Problem: Set the pictures aside and set down only the lines from the line holding "Pleated Dress LKBennett" through the end of the entries below, ends included.

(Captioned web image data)
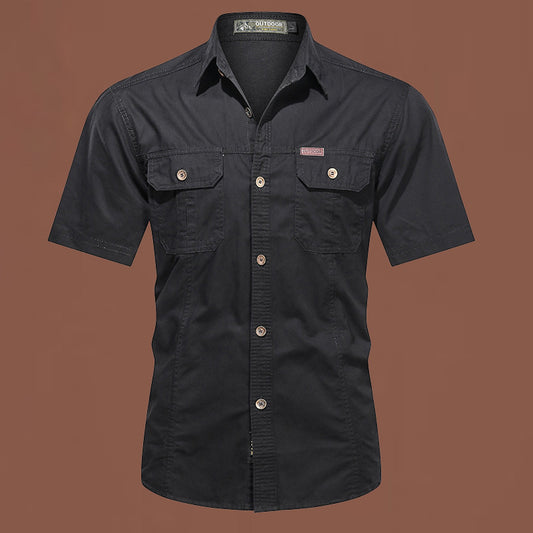 Cross border summer shirt overalls short sleeve cotton men's overalls cotton overalls inch shirt outdoor loose men's shirt free ironing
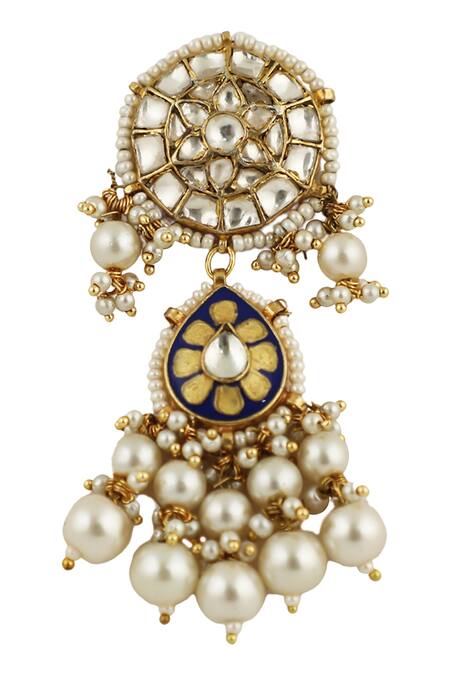 Riana Jewellery Gold Plated Metallic Thread, Pearls, Crystals Bead Drop Dangler Earrings Online at Aza Fashions Riana Jewellery_Gold Plated Metallic Thread, Pearls, Crystals Bead Drop Dangler Earrings _Online_at_Aza_Fashions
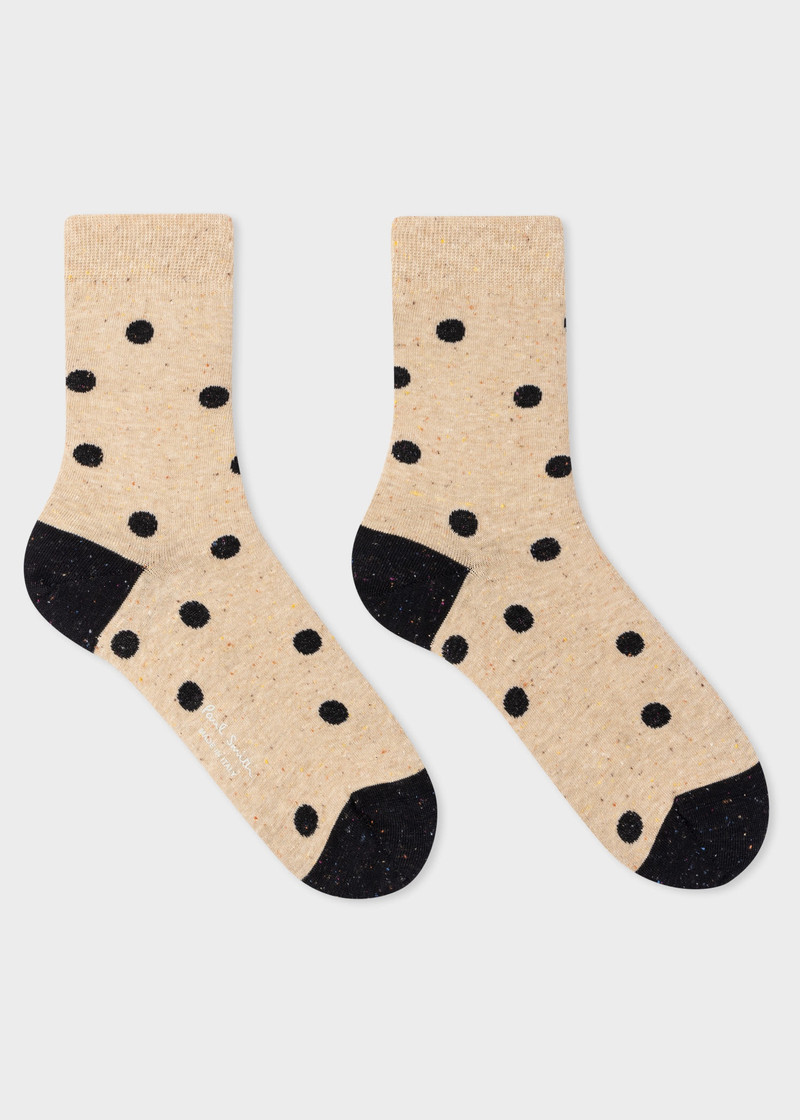 Paul Smith Cream Cotton-Blend Polka Dot Socks outlook
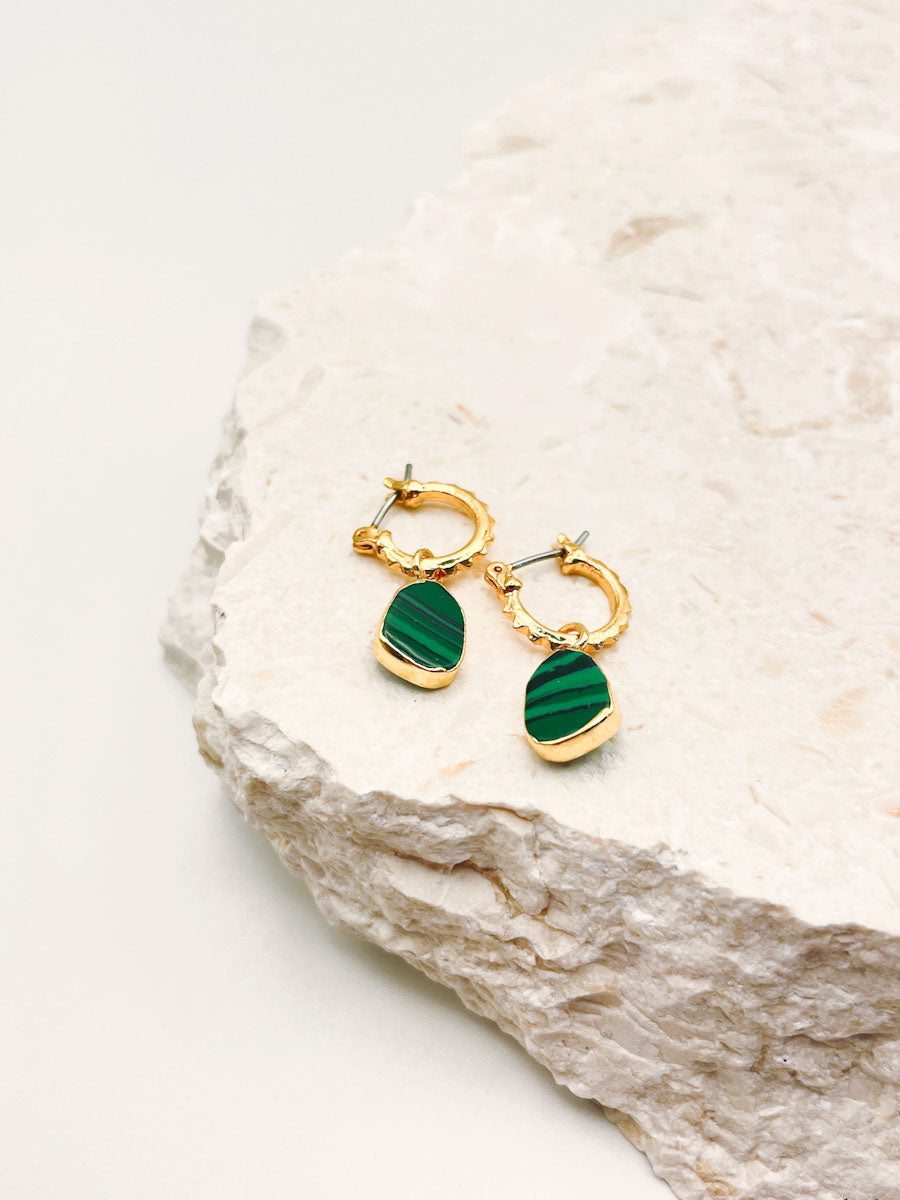 Airin Stone 18K Gold Plated Earrings in Green
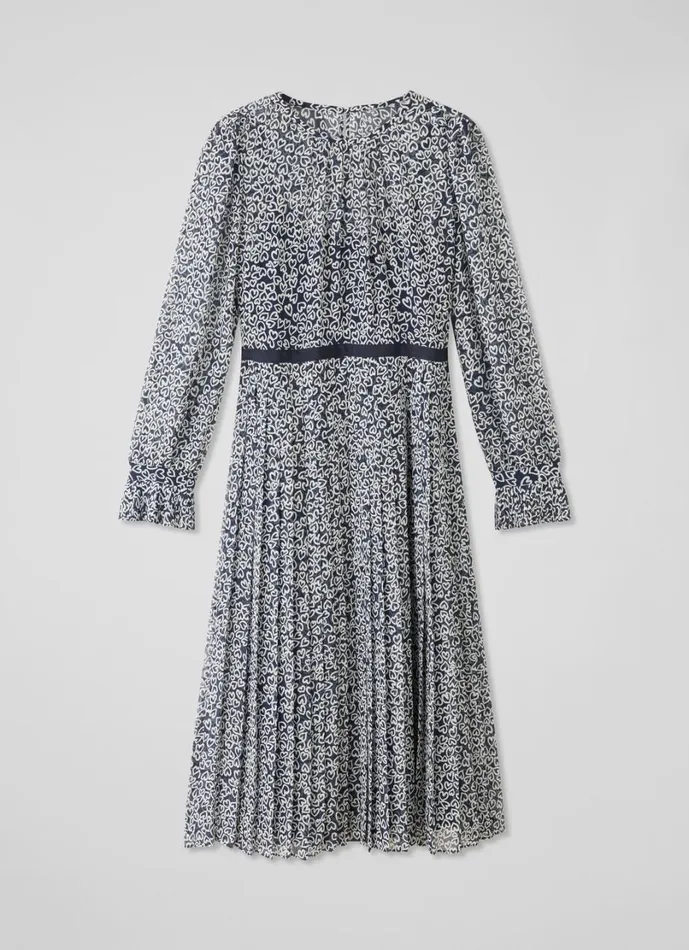 LKBennett Dresses Women Estelle Navy And Cream Heart Print Pleated Dress LKBennett Dresses Women Estelle Navy And Cream Heart Print Pleated Dress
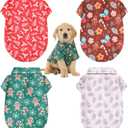 Weewooday 4 Pack Christmas Dog Shirts Pet Costumes Set, Funny Pattern Soft Dog T-Shirt Snowflakes Gingerbread Men Candy Berries Pet Outfit for Cats, Small and Medium Dogs Xmas Holiday Party(Xs)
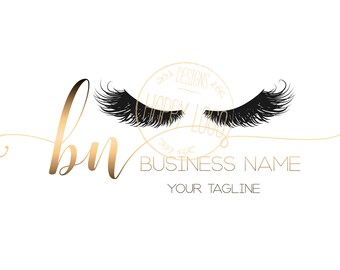 DIGITAL Custom logo design , lashes logo, monogram lashes beauty logo, makeup logo, gold lashes logo design, gold beauty logo, design lashes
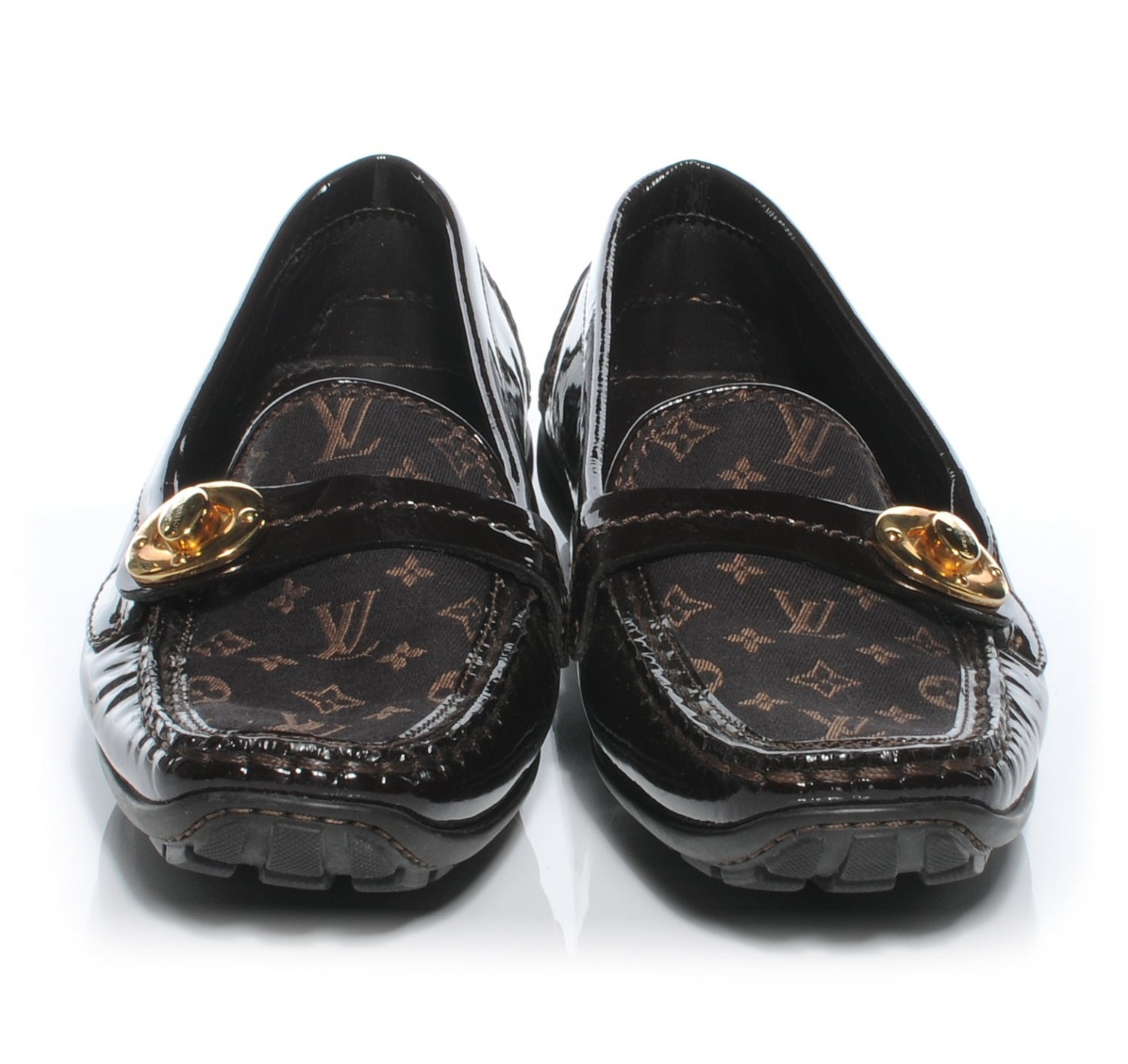 Louis Vuitton Patent Mini Lin Loafers 37.5 Brown 4 of 8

Written solution:
 LKBennett Dresses Women Estelle Navy And Cream Heart Print Pleated Dress LKBennett Dresses Women Estelle Navy And Cream Heart Print Pleated Dress
 Weewooday 4 Pack Christmas Dog Shirts Pet Costumes Set, Funny Pattern Soft Dog T-Shirt Snowflakes Gingerbread Men Candy Berries Pet Outfit for Cats, Small and Medium Dogs Xmas Holiday Party(Xs)
 DIGITAL Custom logo design , lashes logo, monogram lashes beauty logo, makeup logo, gold lashes logo design, gold beauty logo, design lashes
 Louis Vuitton Patent Mini Lin Loafers 37.5 Brown 4 of 8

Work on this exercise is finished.